## SUPPLIED DATA
##############################

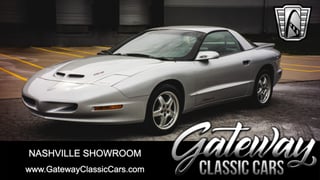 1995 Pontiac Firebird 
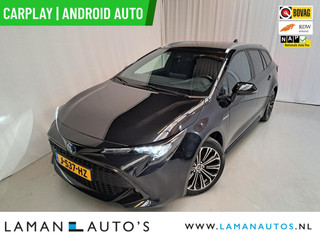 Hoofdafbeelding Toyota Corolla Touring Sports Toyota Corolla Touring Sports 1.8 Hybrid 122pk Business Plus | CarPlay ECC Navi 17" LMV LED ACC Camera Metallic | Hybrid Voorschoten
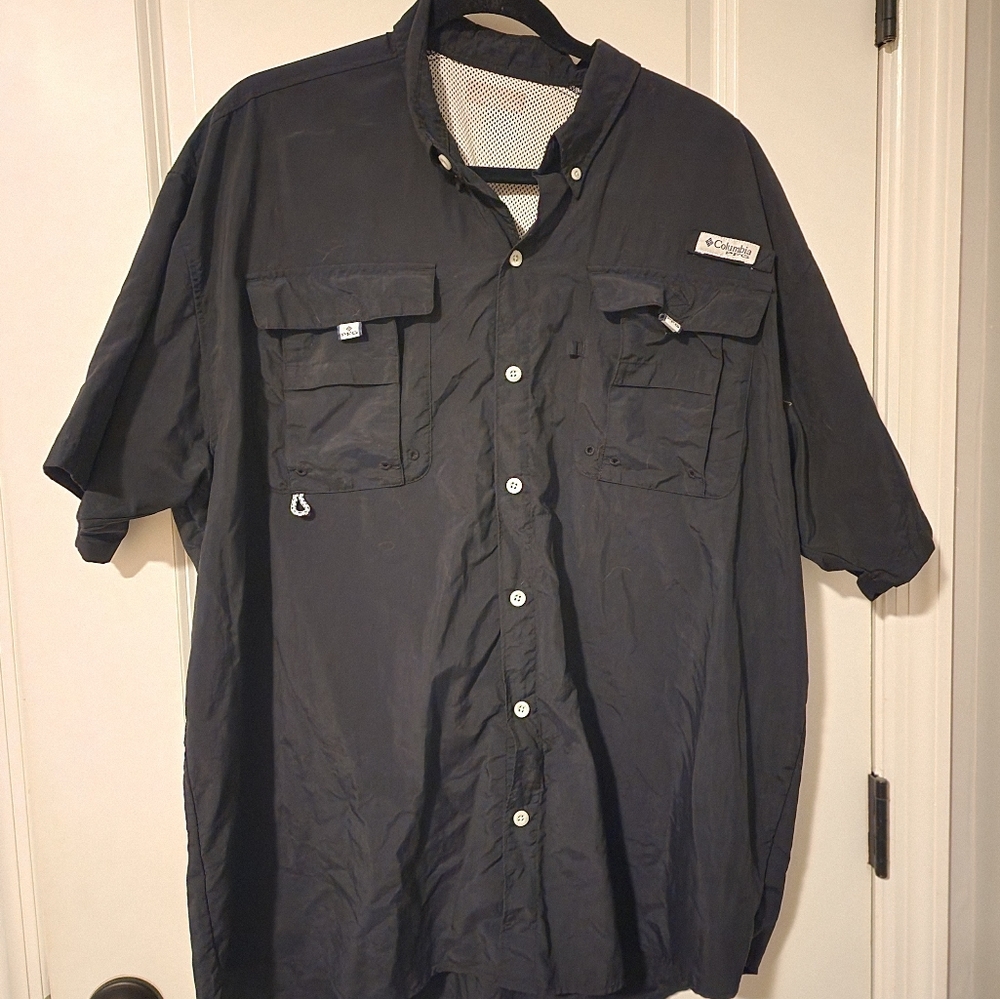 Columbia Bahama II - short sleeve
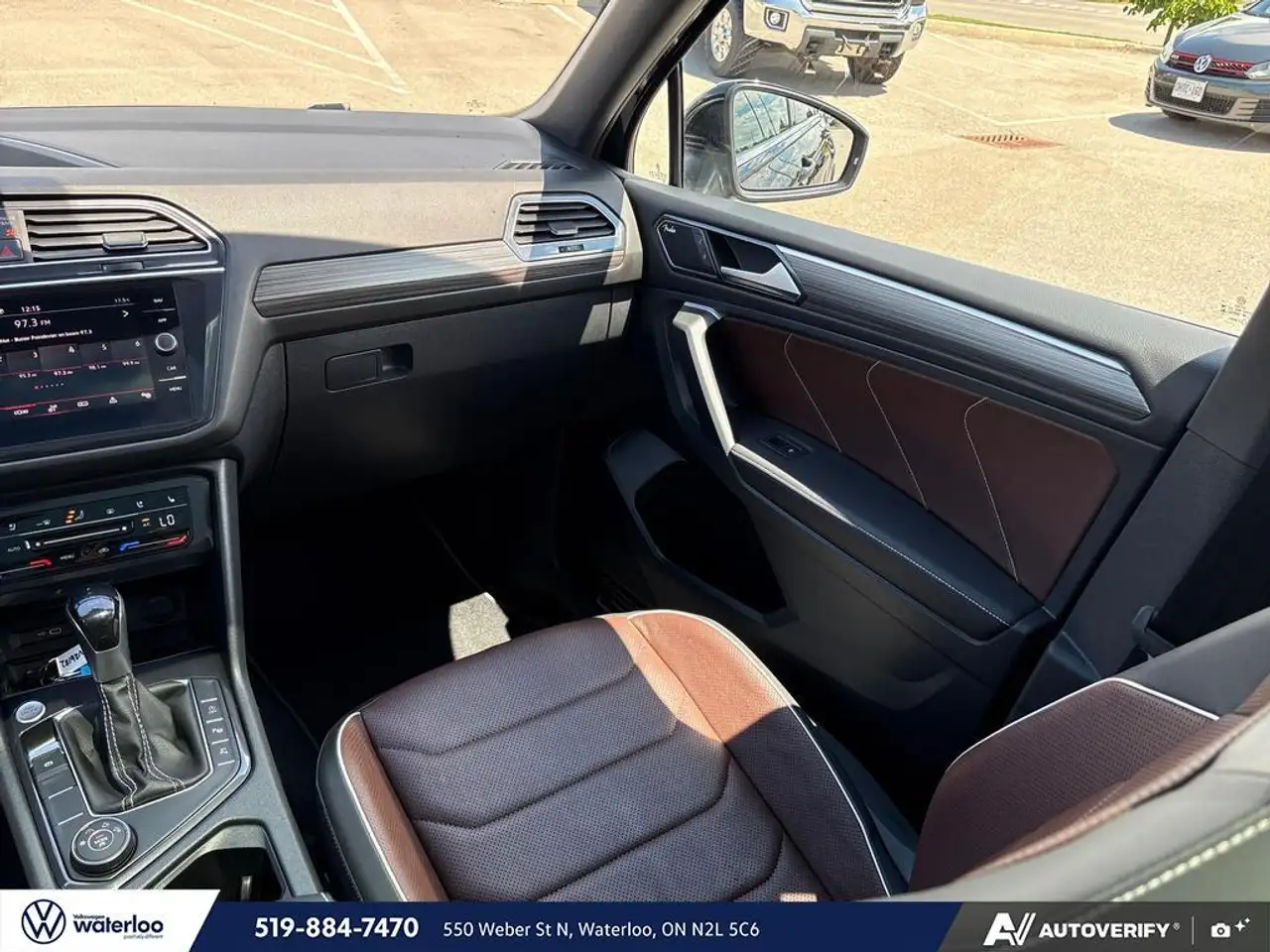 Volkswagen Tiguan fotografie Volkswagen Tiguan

##############################

## YOUR TASK
Give back the full listing word for word, with the pictures left out.

## RESPONSE TO THE TASK
 1995 Pontiac Firebird 
 Hoofdafbeelding Toyota Corolla Touring Sports Toyota Corolla Touring Sports 1.8 Hybrid 122pk Business Plus | CarPlay ECC Navi 17" LMV LED ACC Camera Metallic | Hybrid Voorschoten
 Columbia Bahama II - short sleeve
 Volkswagen Tiguan fotografie Volkswagen Tiguan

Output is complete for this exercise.